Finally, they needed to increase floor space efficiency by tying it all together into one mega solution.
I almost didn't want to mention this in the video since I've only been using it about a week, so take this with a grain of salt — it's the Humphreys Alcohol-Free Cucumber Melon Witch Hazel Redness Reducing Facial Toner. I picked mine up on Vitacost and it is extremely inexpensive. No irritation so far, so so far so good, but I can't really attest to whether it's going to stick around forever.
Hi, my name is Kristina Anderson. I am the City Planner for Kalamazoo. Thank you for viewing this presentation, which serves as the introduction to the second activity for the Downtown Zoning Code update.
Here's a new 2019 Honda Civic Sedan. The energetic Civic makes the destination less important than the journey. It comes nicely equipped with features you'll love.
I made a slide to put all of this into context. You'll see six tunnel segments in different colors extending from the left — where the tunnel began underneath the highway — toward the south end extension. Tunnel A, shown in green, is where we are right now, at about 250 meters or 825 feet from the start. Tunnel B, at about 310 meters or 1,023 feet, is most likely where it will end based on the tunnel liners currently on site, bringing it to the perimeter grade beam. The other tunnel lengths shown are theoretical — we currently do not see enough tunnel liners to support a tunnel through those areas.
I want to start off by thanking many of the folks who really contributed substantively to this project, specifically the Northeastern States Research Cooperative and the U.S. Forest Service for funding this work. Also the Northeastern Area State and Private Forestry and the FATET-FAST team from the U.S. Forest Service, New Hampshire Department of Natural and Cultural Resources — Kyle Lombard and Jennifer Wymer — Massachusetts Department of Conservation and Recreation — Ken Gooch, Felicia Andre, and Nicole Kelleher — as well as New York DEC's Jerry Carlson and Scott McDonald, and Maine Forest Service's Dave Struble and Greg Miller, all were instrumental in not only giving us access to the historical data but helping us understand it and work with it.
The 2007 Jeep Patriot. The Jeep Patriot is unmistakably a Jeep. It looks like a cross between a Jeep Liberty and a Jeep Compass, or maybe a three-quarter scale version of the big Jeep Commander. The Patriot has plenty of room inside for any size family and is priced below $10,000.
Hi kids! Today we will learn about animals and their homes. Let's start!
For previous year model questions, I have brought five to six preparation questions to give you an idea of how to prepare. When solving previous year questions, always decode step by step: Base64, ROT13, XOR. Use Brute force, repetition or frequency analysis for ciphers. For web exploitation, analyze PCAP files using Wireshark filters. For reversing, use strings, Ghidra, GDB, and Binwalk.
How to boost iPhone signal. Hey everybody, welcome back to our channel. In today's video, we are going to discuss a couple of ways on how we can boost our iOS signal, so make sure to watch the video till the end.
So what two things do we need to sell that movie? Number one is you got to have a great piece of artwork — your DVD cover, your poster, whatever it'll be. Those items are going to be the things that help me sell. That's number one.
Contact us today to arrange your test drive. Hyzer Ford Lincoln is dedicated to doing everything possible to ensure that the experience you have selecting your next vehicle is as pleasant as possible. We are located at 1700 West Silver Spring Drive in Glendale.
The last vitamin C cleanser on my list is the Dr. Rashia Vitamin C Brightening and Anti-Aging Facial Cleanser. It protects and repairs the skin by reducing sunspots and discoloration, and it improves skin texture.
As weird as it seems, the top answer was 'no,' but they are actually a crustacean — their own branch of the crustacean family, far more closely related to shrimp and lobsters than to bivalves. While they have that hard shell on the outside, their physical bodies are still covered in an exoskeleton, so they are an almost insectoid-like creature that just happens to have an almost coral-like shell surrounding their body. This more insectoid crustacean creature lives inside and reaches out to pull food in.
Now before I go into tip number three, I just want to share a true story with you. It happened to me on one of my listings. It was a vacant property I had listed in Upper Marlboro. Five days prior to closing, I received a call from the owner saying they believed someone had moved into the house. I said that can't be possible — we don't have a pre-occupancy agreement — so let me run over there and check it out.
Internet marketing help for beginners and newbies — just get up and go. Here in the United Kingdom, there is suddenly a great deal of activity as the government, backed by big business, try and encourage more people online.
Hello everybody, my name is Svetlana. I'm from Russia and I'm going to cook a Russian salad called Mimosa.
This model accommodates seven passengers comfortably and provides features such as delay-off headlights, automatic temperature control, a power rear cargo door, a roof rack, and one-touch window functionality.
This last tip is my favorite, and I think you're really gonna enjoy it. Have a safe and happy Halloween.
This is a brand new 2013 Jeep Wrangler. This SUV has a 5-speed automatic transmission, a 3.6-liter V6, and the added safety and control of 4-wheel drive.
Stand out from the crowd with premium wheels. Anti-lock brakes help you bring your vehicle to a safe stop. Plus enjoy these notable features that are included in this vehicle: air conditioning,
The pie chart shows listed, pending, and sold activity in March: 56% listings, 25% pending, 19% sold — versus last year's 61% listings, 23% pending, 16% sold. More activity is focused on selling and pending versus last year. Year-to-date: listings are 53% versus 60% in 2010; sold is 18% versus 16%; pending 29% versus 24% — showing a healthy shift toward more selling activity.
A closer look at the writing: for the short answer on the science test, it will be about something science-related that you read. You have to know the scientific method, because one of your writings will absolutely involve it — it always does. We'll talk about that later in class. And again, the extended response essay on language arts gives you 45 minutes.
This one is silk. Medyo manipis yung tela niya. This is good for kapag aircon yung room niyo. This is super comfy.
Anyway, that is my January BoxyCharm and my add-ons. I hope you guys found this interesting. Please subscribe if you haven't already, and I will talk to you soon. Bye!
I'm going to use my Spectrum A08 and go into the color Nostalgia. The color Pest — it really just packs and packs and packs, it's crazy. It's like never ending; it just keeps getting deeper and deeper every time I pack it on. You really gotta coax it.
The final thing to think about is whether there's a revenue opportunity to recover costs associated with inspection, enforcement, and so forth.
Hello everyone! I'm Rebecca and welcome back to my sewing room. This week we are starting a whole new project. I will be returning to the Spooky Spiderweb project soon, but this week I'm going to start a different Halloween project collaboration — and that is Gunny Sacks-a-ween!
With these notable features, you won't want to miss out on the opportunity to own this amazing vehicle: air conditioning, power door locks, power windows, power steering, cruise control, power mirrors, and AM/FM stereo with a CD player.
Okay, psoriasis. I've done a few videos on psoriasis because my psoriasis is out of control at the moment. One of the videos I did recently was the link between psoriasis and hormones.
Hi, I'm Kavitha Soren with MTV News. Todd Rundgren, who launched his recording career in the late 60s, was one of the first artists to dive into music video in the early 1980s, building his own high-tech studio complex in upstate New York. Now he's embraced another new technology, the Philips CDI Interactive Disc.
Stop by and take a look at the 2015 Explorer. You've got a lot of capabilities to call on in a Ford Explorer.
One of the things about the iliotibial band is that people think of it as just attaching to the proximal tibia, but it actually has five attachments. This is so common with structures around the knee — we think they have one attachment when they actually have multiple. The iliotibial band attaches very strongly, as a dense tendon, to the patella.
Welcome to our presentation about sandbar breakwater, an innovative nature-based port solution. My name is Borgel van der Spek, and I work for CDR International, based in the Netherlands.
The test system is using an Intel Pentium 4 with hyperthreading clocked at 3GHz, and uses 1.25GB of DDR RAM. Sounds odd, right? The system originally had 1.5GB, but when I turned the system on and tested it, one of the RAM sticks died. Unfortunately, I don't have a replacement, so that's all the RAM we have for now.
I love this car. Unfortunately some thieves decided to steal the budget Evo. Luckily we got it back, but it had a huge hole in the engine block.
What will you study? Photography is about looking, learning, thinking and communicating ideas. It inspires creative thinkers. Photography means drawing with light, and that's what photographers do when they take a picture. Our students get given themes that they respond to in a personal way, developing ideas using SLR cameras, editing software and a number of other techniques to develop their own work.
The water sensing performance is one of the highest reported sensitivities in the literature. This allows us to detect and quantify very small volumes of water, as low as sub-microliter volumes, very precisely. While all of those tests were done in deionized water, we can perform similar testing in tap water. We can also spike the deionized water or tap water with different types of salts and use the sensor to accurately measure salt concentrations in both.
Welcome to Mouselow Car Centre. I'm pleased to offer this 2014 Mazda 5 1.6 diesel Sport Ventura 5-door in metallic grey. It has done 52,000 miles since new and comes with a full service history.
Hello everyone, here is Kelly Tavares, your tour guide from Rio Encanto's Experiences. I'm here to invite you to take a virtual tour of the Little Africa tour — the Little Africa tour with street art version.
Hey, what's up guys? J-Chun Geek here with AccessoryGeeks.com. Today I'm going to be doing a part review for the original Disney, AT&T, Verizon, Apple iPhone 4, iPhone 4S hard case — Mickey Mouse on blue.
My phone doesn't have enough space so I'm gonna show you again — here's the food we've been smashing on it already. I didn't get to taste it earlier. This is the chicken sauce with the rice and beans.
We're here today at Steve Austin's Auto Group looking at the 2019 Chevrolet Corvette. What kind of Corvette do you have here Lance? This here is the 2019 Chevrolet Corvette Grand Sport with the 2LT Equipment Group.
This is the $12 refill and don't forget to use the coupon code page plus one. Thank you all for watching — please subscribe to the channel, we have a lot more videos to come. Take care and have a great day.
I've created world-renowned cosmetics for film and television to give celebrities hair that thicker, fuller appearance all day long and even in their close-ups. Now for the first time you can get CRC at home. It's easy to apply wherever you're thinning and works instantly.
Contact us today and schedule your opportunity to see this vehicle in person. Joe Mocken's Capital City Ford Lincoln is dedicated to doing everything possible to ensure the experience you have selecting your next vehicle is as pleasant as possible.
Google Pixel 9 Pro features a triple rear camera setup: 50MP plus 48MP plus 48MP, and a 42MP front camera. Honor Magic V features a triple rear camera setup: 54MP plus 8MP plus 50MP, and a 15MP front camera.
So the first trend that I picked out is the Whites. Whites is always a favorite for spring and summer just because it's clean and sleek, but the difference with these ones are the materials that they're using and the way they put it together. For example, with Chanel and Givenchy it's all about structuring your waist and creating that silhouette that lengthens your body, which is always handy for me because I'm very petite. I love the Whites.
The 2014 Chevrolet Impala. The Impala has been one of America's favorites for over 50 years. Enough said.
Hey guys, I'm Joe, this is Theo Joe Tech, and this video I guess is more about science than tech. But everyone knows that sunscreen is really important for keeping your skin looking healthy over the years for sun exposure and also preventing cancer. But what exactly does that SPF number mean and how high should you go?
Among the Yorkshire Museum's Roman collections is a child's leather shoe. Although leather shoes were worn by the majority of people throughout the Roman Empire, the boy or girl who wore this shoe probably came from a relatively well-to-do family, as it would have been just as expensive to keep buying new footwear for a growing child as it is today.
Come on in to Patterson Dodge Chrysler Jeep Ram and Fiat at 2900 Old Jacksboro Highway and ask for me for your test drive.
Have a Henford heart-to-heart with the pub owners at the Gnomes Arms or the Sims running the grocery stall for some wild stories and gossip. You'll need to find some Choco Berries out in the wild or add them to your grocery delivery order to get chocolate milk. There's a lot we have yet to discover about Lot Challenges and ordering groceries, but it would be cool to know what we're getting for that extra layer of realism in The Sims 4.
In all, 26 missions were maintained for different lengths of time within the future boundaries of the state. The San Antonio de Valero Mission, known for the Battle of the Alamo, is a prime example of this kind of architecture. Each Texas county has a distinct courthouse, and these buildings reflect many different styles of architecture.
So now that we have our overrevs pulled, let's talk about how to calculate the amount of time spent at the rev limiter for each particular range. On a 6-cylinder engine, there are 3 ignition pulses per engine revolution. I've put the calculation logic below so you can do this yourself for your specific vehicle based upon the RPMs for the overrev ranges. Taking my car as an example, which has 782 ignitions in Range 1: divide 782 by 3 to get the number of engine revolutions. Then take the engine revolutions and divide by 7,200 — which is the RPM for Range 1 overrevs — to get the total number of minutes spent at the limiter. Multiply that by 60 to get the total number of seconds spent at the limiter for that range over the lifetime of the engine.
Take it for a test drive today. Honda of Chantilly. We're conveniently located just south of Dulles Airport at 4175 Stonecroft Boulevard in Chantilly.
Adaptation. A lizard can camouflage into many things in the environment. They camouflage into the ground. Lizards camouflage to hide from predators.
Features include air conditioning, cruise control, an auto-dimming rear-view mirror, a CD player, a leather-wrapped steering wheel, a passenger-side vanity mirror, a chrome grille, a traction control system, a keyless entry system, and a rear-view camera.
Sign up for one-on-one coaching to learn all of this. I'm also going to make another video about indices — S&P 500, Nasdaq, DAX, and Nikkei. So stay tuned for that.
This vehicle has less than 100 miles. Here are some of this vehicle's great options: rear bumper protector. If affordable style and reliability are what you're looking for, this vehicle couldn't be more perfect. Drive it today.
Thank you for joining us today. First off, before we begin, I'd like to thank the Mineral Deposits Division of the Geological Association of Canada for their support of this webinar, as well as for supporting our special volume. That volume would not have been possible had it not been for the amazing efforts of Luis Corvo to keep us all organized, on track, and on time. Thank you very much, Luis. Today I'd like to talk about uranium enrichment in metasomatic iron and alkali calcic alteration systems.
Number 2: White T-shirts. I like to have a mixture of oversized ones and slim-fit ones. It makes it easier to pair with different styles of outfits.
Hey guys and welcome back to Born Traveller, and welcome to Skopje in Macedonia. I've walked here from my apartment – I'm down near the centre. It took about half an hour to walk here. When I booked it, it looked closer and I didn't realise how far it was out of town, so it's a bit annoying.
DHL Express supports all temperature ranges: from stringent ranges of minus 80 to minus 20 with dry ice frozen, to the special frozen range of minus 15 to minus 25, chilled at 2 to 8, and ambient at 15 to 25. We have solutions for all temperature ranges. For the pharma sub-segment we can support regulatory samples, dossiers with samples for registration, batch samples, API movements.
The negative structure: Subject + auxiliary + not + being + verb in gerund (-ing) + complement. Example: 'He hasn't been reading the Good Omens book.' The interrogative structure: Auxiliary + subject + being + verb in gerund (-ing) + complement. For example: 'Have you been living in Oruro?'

WHAT YOU ARE ASKED TO DO>
Repeat only the lines above, from the first line of the entries through the line that contains "Hi, my name", including both ends.

RESULT>
Finally, they needed to increase floor space efficiency by tying it all together into one mega solution.
I almost didn't want to mention this in the video since I've only been using it about a week, so take this with a grain of salt — it's the Humphreys Alcohol-Free Cucumber Melon Witch Hazel Redness Reducing Facial Toner. I picked mine up on Vitacost and it is extremely inexpensive. No irritation so far, so so far so good, but I can't really attest to whether it's going to stick around forever.
Hi, my name is Kristina Anderson. I am the City Planner for Kalamazoo. Thank you for viewing this presentation, which serves as the introduction to the second activity for the Downtown Zoning Code update.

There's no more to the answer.